The average business has the potential to collect a lot of data. Business operations generate data, and the more things that a business does, the more data that they'll generate. Internal processes can generate a lot of data, but external processes collect data as well.
Businesses generate data, but they might not necessarily collect all the data that they generate. Unless a business is performing some sort of data analytics, they don't really have much of a reason to collect a lot of data.
Of course, when a business implements a BI solution, this all changes. At that point, it becomes beneficial to collect all the data that a business possibly can. The more data that a business has access to, the more powerful their data analysis tools will be.
All that data can quickly become a problem, though. Once a business collects its data, it has to figure out a place to put it. Data storage and management is one of the biggest problems that businesses face when they start to use data in a larger way.
Many businesses have regulations or laws that limit how they can access or store some of their data. For the most part, businesses are required to store customer data in special ways. In some industries, like law or health care, there are even more laws that govern what businesses can and can't do with people's data.
Given these limitations, and the scale of the data being stored, there are many different types of data storage solutions. Businesses need to do their research and figure out which strategy is best for them, so that they can properly leverage the data they collect.

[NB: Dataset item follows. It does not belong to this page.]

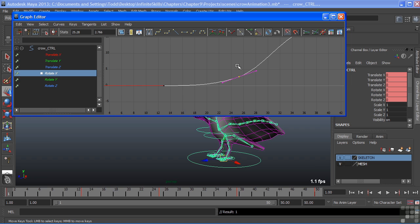Let's go ahead and take a break now and we'll come back and actually modify our animation now that we have a good understanding of what's happening here in our graph editor. So this concludes our first part on the graph editor.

In the past, the most common method that businesses used to store their data was physical, on-premise storage. Businesses would download their data to servers on their network, and if someone wanted to access that data, they'd need to access that server.
Many businesses still use on-premise storage, but it's becoming steadily less common as cloud-based business solutions become more widespread. Just like any other approach, it has its strengths and weaknesses that make it a good fit for some, and a bad choice for others.
A lot of businesses that use on-premise storage do so out of inertia. They've always stored their data like this, and they often don't even know there are other ways. They rarely have any data governance procedures in place, and anyone with access to the server can edit or delete data.
This is the worst-case scenario with on-premise storage. In situations like these, it's very hard for a business to really leverage their data. In general, most businesses that are using a legacy on-premise solution would be better served with a different strategy.
On-premise solutions have other limitations. They're usually the hardest type of storage solution to connect to. It's much harder for a cloud-based BI solution to connect to an on-premise database than it is for it to connect with another cloud-based tool.
They're also the least convenient. They're hard to access remotely, usually require some sort of technical staff to maintain, and rely on that technical staff to fix issues. If the server goes down, there's a lot of pressure on the IT team to get it back, and there's a much larger risk of losing the whole database in something like a server failure.
However, there are reasons that a business would specifically want to use an on-premise data storage solution.
First, on-premise solutions are the most secure. Cloud-based strategies aren't insecure, but they do involve a third party accessing and storing your data. With an on-premise solution, a business can be sure that they're the only people with access to their data. Businesses that have special requirements that govern data access might have to use an on-premise solution.
Second, on-premise storage is cheaper than other strategies, if the business already has the storage infrastructure for it. A server's running cost is usually cheaper than the recurring costs of a paid, cloud-based solution. However, if a business has to buy the storage to implement their on-premise solution, it's not as cost-effective.
Cloud-based data warehousing
Within the last few years, most businesses that store large amounts of data have started to shift away from on-premise solutions, and towards cloud-based ones.
There are cloud-based storage vendors that cater to every size of business, but most businesses who need a solution like this will look at the largest, enterprise-scale vendors like Amazon Redshift or Snowflake.
Cloud-based solutions operate completely on the cloud. When a business collects data, that data gets uploaded automatically to their cloud-based storage. If a business wants to access that data, they need to access their cloud storage to find it.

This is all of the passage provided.